▶ **Task directions**
Excluding every picture, print exactly the lines from the one containing "Male Human Paladin Sergeant Silus" through the end of the material below, both ends included.

▶ **Data provided**
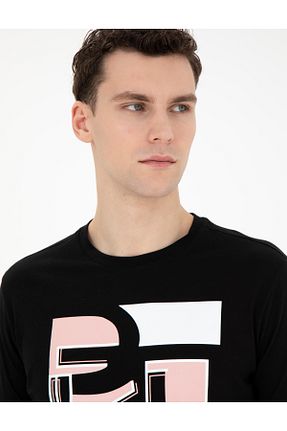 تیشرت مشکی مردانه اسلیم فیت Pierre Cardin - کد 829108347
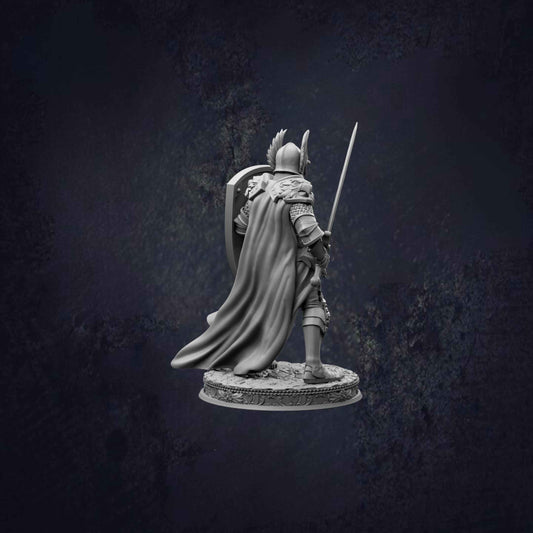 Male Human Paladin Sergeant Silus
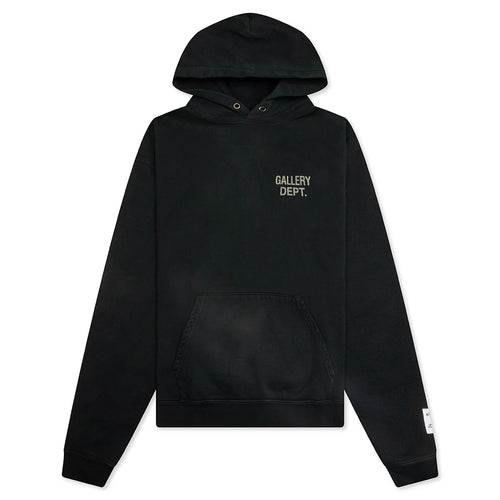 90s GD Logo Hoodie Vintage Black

▶ **Problem solution**
 Male Human Paladin Sergeant Silus
 90s GD Logo Hoodie Vintage Black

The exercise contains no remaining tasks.